Mesajı Okuyun
Old 25-09-2018, 22:24   #7
Av. Suat

 
Varsayılan

23. Hukuk Dairesi 2014/5373 E. , 2014/6050 K.

"İçtihat Metni"
MAHKEMESİ : Alanya 3. Asliye Hukuk Mahkemesi
TARİHİ : 01/11/2011
NUMARASI : 2005/99-2011/690
.....
Yerleşik Yargıtay uygulamasına göre, dava açıldıktan sonra davalı tarafı değiştirmek ya da mevcut davalı taraf yanına bir başka davalı taraf ilave etmek, ıslahla dahi mümkün değildir. Dava tarihinde ve dahili dava dilekçe tarihinde yürürlükte olan usul yasamızda davanın nasıl açılacağı gösterilmiştir. Dava açıldıktan sonra harcı yatırılmayan dilekçe ile kişilerin dahili dava edilmesi ve haklarında hüküm tesis edilmesi olanağı bulunmamaktadır. Bu nedenle harcı yatırılmış bir dava dilekçesi bulunmadığı sürece usulüne uygun olarak açılmış bir davanın varlığından söz edilemez. YHGK'nın 31.05.2013 tarih ve 2012/23-1853 E., 2013/803 K. sayılı ilamında da açıklandığı üzere, dava, dava dilekçesinde gösterilen taraflar arasında devam eder.
Ancak davanın açılmasından sonra, dava dilekçesinde gösterilen taraflarda değişiklik yapılması ihtiyacı ortaya çıkabilir. Bu değişiklik örneğin, taraflardan birinin dava sırasında ölmesinde veya dava yürürken dava konusunun devrinde olduğu gibi zorunlu (yasal) nedenlerle olabileceği gibi, davacının iradesine bağlı (iradi) değişiklik şeklinde de olabilir (Ejder Yılmaz, Hukuk Muhakemeleri Kanunu Şerhi, Ankara 2012, s. 812). İradi taraf değişikliği halinde ise; bu durum davayı değiştirme anlamına geldiğinden, zorunlu taraf değişikliğinden farklı bir rejime tabidir. Mülga 1086 sayılı HUMK iradi taraf değişikliği hakkında açık bir hüküm içermemekle birlikte, yerleşik Yargıtay uygulaması ile genel olarak, davada iradi taraf değişikliğine izin verilmemiştir. Bu durumun özellikle usul ekonomisi açısından eleştirilere tabi tutulmasını dikkate alan yasa koyucu, 6100 sayılı HMK’nın 124. maddesi ile belirli hallerde iradi taraf değişikliğine olanak veren bir düzenleme getirmiştir.
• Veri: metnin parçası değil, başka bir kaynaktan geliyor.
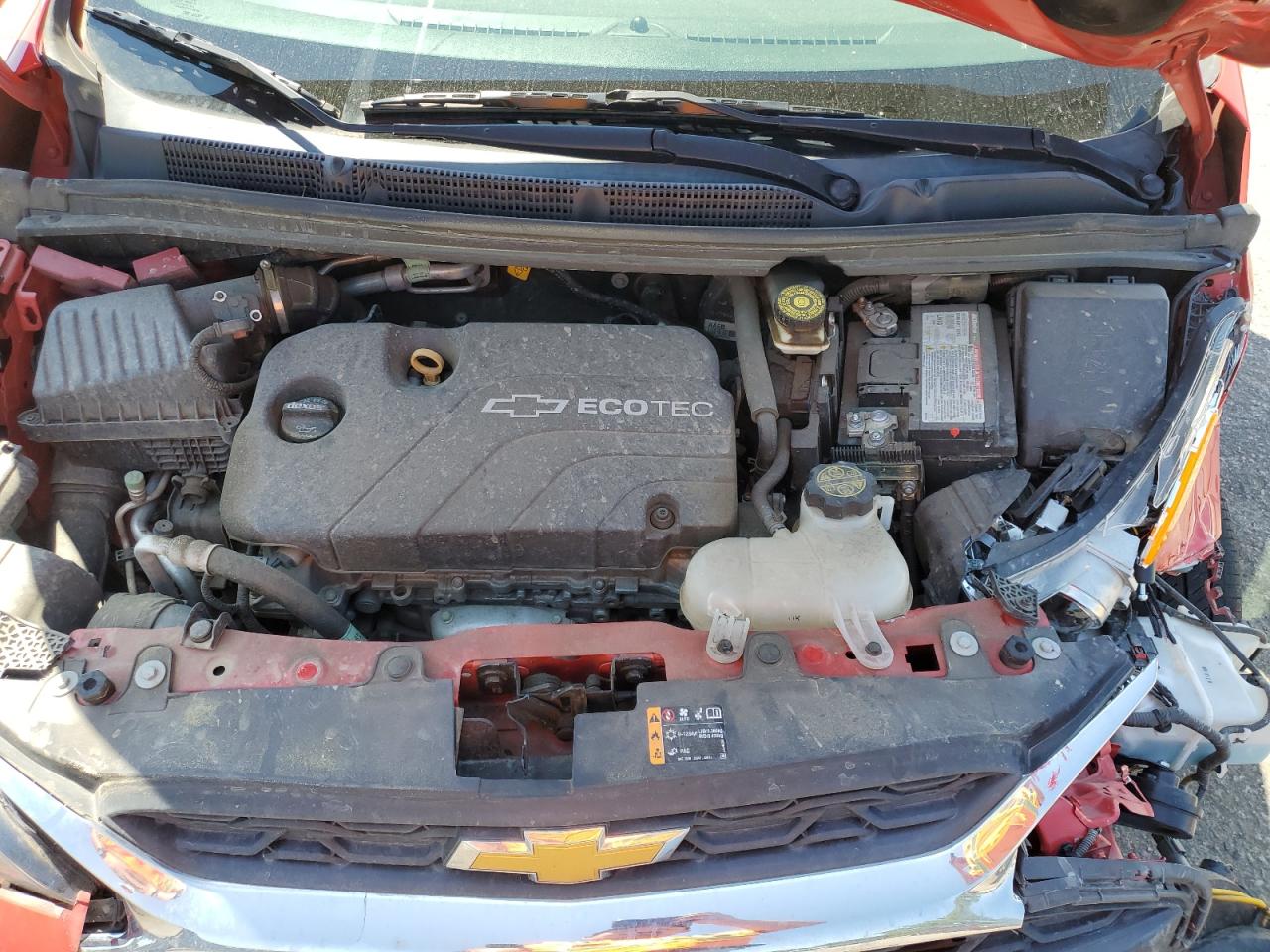 2021 Chevrolet Spark Ls VIN: KL8CB6SA2MC712457 Lot: 53747095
Anılan hükmün ikinci fıkrasında, bir davada taraf değişikliğinin ancak karşı tarafın açık rızası ile mümkün olduğu öngörülmüş olup, hakimin taraf değişikliği konusunda davalı tarafa rızası bulunup bulunmadığını açıkça sorması gerekmektedir. Üçüncü fıkrasında ise,“Ancak, maddi bir hatadan kaynaklanan veya dürüstlük kuralına aykırı olmayan taraf değişikliği talebi, karşı tarafın rızası aranmaksızın hâkim tarafından kabul edilir” düzenlemesi getirilmiştir.
Somut olayda, dahili dava edilenler arasında zorunlu dava arkadaşlığı bulunmadığı ve aleyhlerine usulüne uygun olarak açılmış bir dava da bulunmadığı, anılan 124. madde hükmü koşulları da gerçekleşmediği, bu nedenle de taraf sıfatını kazanmadıkları ve aleyhlerine hüküm de kurulmadığı anlaşıldığından, kararı temyiz hakları bulunmamasına göre, bir kısım dahili davalı vekilinin temyiz isteminin reddine karar verilmesi gerekmiştir.
SONUÇ:Yukarıda (1) numaralı bentte açıklanan nedenlerle, davacı vekilinin temyiz itirazlarının kabulü ile hükmün, davacı yararına BOZULMASINA, ..... kararın tebliğinden itibaren 15 gün içerisinde karar düzeltme yolu açık olmak üzere, 29.09.2014 tarihinde oybirliğiyle karar verildi.